If a line in the entries contains the word "into", list it.

Dataset extract: Begin

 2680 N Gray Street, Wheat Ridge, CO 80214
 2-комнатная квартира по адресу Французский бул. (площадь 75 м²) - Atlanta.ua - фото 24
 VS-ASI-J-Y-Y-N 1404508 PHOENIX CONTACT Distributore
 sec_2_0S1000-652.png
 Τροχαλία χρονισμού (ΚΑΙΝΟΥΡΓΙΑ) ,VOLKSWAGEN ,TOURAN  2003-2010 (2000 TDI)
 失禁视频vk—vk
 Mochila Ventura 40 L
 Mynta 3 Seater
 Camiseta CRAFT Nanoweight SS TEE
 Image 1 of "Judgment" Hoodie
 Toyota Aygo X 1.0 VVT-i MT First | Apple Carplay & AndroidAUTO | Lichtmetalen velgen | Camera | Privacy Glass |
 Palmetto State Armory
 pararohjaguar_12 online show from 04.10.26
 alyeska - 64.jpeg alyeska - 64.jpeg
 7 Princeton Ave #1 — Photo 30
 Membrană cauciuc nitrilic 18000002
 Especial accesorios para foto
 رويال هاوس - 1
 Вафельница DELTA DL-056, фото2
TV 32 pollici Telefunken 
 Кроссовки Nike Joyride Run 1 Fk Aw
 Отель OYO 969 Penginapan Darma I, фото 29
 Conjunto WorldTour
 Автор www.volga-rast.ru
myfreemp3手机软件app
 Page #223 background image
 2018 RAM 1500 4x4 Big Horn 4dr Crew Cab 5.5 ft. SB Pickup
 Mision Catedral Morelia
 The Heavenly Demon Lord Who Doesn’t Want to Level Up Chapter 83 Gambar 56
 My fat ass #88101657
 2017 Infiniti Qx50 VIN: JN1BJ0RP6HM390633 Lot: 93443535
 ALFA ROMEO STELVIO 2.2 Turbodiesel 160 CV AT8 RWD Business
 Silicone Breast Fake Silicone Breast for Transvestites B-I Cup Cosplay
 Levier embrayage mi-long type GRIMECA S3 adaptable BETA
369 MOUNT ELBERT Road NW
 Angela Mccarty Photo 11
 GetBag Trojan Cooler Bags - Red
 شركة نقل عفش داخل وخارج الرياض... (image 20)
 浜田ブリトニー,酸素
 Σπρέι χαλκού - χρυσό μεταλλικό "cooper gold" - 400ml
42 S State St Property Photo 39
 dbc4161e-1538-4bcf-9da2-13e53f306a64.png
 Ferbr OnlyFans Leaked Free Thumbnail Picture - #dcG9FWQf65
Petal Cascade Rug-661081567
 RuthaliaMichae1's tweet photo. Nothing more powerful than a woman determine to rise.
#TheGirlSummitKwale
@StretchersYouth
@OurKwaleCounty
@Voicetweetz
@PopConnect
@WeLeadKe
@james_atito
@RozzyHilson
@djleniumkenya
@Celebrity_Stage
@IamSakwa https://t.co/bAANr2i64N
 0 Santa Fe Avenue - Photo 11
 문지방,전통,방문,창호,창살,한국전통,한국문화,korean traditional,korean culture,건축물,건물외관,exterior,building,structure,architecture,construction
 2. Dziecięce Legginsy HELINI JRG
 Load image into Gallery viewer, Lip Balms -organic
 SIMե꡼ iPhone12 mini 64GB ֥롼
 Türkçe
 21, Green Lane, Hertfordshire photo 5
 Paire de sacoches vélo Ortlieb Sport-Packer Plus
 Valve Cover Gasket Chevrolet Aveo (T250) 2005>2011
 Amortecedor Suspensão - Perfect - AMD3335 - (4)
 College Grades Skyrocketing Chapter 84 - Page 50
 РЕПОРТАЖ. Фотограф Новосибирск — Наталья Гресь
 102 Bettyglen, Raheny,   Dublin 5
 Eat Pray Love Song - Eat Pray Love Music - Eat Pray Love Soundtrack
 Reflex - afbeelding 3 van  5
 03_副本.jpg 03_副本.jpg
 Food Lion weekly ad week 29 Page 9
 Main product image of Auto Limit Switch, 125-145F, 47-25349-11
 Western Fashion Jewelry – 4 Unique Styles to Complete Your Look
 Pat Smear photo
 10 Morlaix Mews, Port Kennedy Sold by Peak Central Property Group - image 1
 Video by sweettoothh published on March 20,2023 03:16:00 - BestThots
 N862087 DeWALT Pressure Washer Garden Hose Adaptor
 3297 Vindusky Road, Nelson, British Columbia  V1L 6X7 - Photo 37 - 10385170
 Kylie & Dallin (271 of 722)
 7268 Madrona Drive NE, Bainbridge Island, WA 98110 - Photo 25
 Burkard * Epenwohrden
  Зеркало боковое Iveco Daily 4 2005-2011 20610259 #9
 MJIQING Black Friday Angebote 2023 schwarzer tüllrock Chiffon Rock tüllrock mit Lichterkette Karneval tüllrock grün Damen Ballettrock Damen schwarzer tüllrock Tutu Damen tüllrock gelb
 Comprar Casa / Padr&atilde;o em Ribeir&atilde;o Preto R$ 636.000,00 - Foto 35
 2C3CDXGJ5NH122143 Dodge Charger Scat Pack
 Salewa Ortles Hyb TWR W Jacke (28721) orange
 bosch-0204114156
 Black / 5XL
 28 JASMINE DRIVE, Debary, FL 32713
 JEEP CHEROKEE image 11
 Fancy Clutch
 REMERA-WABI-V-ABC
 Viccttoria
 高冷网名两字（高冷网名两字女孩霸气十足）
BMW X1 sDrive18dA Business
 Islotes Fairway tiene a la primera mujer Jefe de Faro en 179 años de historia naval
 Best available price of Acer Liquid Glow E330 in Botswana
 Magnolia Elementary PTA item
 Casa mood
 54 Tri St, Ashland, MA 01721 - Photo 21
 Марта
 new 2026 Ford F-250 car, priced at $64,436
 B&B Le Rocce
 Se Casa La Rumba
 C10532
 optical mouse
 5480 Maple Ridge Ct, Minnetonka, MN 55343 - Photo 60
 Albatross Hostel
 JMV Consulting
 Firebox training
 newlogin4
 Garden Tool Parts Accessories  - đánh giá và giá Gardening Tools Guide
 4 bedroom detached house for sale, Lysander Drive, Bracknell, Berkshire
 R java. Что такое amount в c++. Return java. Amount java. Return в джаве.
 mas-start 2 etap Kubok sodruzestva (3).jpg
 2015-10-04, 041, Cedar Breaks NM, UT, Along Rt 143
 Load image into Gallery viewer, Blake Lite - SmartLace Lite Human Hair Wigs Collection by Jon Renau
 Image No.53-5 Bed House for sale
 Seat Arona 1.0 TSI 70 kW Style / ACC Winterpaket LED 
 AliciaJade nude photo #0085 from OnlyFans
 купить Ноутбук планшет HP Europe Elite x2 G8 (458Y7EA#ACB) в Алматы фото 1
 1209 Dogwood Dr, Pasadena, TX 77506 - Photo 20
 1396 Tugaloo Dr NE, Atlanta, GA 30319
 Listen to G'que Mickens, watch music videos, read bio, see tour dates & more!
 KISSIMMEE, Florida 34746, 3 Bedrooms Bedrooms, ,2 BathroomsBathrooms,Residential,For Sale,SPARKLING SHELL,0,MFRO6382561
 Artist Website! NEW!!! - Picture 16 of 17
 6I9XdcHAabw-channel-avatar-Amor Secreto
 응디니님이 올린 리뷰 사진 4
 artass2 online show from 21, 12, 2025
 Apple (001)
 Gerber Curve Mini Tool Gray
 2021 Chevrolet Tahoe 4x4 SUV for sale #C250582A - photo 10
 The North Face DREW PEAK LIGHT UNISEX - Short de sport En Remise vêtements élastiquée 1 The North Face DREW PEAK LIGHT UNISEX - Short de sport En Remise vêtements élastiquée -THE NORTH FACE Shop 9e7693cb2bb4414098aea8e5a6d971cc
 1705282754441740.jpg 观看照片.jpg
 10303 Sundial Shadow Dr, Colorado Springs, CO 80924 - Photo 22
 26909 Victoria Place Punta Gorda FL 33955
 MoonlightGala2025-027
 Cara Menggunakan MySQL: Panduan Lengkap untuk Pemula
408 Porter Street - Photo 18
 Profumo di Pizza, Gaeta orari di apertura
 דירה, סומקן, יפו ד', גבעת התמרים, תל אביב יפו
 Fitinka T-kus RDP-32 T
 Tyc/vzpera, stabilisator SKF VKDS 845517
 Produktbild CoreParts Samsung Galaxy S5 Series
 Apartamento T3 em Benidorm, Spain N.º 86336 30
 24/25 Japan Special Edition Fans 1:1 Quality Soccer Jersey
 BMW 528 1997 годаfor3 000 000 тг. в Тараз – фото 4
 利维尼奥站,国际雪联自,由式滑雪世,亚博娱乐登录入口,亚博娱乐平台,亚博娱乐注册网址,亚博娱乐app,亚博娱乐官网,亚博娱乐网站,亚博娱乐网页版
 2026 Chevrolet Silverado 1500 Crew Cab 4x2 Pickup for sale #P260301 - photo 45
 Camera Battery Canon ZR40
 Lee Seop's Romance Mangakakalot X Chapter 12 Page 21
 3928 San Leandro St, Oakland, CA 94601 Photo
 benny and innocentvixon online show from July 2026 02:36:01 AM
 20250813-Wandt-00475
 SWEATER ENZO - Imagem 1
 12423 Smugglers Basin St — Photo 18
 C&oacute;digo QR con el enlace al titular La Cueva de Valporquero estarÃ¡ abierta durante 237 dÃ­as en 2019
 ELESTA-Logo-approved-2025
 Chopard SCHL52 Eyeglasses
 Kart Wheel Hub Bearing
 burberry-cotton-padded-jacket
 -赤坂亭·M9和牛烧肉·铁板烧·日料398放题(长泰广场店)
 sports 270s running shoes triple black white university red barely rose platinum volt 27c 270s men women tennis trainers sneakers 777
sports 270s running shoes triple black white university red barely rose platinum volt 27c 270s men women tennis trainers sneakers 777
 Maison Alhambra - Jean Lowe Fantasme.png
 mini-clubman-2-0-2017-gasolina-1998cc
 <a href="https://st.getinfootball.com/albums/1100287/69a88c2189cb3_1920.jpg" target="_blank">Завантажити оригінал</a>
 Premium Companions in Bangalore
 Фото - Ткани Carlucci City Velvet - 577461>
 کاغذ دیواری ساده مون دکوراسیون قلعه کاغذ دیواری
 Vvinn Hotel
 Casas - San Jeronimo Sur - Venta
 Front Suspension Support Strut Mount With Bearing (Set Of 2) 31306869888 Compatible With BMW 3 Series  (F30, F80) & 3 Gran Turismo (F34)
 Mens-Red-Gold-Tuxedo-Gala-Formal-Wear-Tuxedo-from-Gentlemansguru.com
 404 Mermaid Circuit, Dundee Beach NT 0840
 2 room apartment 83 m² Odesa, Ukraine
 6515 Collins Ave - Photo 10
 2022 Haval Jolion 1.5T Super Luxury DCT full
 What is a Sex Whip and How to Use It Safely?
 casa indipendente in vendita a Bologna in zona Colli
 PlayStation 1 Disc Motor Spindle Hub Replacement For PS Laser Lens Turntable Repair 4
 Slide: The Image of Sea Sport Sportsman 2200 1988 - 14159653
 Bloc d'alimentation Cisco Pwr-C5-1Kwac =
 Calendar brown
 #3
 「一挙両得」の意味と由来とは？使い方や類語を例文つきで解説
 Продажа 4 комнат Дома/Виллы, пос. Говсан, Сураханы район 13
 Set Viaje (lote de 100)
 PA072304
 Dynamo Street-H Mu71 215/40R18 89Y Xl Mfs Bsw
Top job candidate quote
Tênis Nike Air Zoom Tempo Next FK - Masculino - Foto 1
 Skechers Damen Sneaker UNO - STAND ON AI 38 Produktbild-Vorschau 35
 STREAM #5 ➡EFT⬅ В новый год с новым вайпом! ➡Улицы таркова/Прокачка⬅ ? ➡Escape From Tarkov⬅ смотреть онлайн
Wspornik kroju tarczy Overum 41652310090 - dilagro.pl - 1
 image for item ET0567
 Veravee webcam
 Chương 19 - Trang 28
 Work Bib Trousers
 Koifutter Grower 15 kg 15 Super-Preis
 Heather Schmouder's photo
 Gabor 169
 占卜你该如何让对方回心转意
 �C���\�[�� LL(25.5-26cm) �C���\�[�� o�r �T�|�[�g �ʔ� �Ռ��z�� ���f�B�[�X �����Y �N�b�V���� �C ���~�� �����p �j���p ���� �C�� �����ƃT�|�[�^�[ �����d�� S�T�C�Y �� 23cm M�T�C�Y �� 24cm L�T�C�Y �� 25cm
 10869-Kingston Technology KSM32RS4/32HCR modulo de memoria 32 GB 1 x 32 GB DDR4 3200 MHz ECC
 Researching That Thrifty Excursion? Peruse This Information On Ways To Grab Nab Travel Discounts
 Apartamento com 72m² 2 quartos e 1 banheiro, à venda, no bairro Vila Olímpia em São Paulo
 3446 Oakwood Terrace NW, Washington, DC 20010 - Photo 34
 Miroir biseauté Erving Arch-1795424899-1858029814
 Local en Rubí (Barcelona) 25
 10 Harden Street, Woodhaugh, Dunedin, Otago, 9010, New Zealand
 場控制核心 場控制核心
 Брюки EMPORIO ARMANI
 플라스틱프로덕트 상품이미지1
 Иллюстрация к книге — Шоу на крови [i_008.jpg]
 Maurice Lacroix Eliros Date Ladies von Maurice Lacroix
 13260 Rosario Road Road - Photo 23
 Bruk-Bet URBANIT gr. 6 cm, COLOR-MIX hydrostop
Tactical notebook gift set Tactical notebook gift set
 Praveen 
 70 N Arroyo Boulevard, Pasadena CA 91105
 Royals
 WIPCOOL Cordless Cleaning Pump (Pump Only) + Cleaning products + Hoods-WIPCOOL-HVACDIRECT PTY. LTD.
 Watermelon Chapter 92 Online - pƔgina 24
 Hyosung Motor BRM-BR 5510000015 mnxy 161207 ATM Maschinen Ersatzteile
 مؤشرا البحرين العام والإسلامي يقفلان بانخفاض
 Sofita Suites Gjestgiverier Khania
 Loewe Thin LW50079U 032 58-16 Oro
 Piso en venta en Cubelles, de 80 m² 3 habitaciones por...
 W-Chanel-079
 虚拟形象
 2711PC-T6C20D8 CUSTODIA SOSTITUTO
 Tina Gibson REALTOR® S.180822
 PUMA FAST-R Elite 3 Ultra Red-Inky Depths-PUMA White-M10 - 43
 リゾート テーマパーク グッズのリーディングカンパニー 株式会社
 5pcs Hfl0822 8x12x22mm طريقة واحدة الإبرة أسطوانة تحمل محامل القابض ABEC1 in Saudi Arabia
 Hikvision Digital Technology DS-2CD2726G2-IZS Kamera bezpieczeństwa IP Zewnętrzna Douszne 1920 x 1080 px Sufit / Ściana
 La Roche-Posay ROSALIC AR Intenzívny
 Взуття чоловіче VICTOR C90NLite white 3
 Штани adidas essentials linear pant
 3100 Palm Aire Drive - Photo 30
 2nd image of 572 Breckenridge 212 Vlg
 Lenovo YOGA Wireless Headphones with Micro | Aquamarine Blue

Dataset extract: End

— Output below —
 Load image into Gallery viewer, Lip Balms -organic
 Load image into Gallery viewer, Blake Lite - SmartLace Lite Human Hair Wigs Collection by Jon Renau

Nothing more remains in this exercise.